If everything seems under control, you're not going fast enough. [Mario Andretti.]

Edge developers are rapidly creating new services, in effect competing with traditional service provider views of owning the customer and developing new services in an orderly fashion (see our October 2007 NPI and December 2007 OTT service articles).

Why?

  • Because they can. An explosion has occurred in the facilities and tools (examples: AJAX, Parley, SIP) for easily creating services

  • Because service providers have not stepped up to this expanded plate – it is just too much scope and not enough capital

  • Because service providers remain myopic – concentrating on the familiar and lamenting the way things were

The present situation is clearly less than wonderful for Edge providers and network service providers. So how should network service providers do business with this new intelligent edge? How should edge providers and network carriers work together to service pervasive device connectivity?

Network service providers, like all other commercial companies, are subject to continuous bottom line pressure from the financial markets and investors; their clear and simple directive is to reduce costs and increase revenue.
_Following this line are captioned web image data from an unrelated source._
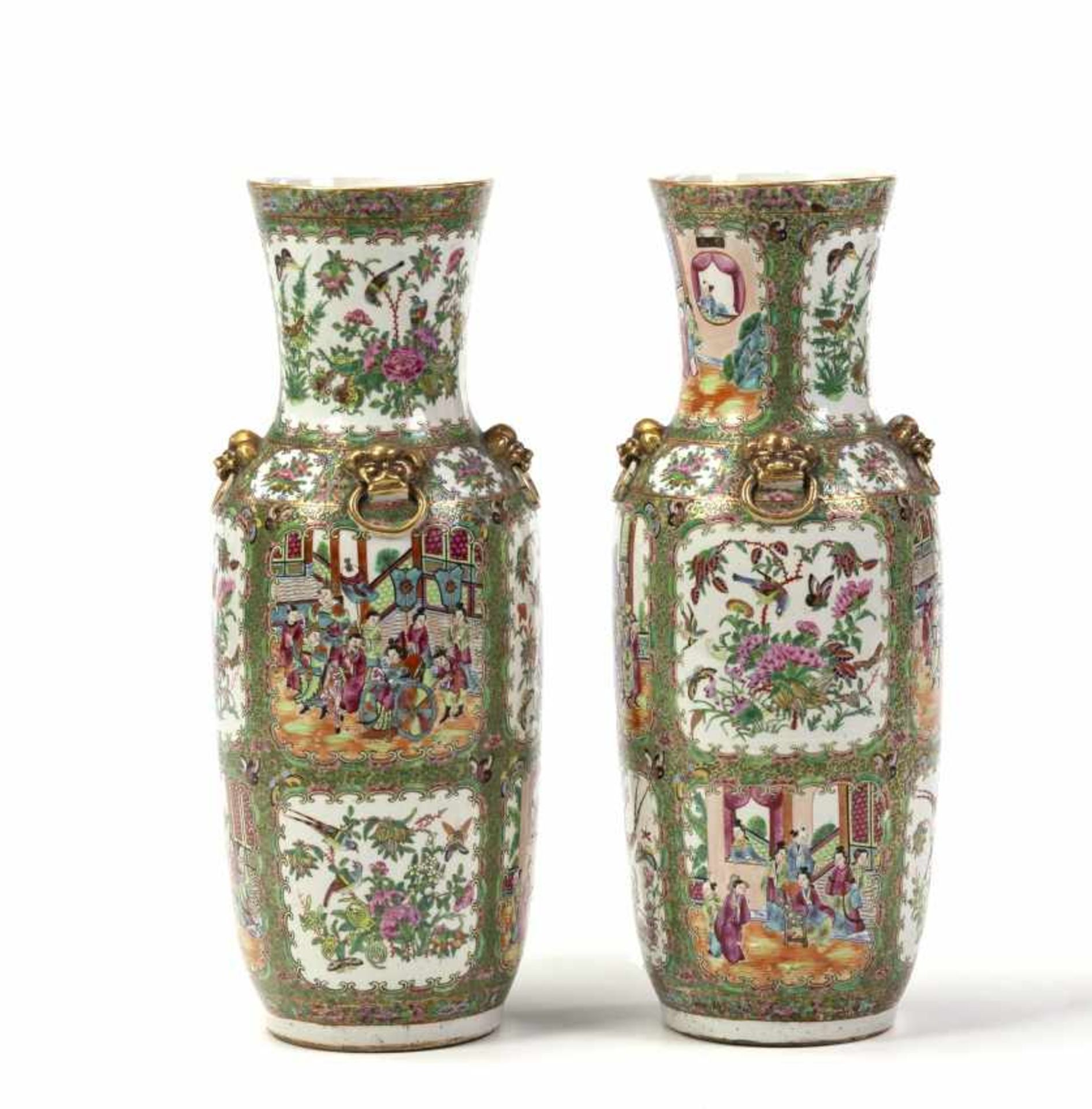 Pair of Chinese vase in Canton porcelain, late 19th CenturyPair of Chinese vase in Canton porcelain,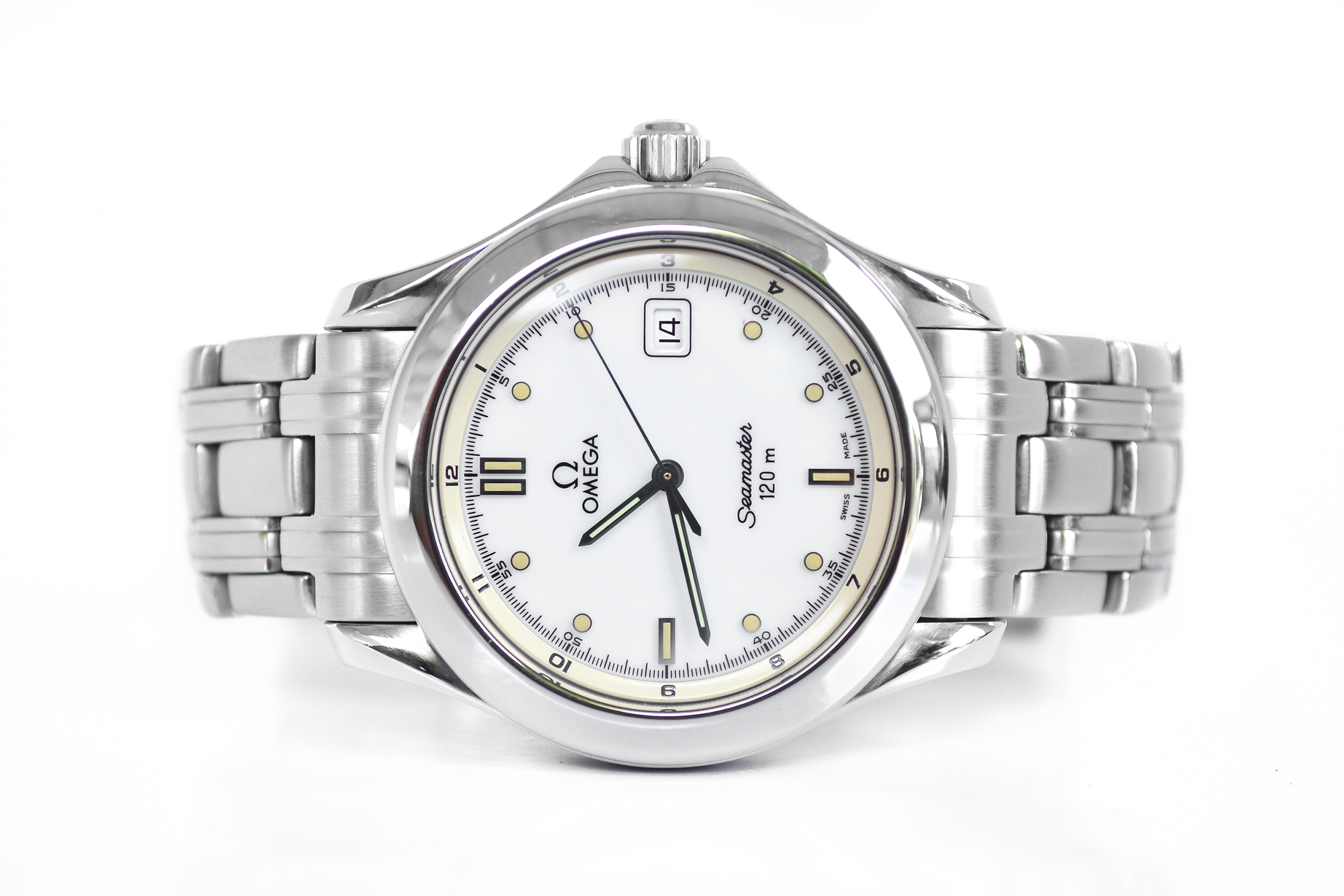 Omega Seamaster 120M Boy Size Quartz หน้าขาว สายเหล็ก (Sold)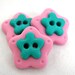 Pink FLOWER Polymer Clay BUTTONS - Set of 3 - Light Pink & Metallic Green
Somehow this pressure is translated into just two bipolar strategic options for surviving and prospering in this new leaner world.

  • The preferred option: Increase revenues by fighting the Edge providers, and become a valued-added service company, controlling all the services and endpoints connected to the network.

  • The dismal option: Concede to the Edge service providers, slim down dramatically, become an efficient bit-carrier and charge for bandwidth and service specific QoS.

We believe there is a better option than either of these, which is:

  • Nurture the Edge providers, because the Edge is where all the innovation and incremental revenues will come from. Understand the Edge, and find out what it needs, and then together find mutually acceptable ways of charging for fulfilling those needs.

Edge and network providers should seek symbiosis rather than engage in competitive exclusion games.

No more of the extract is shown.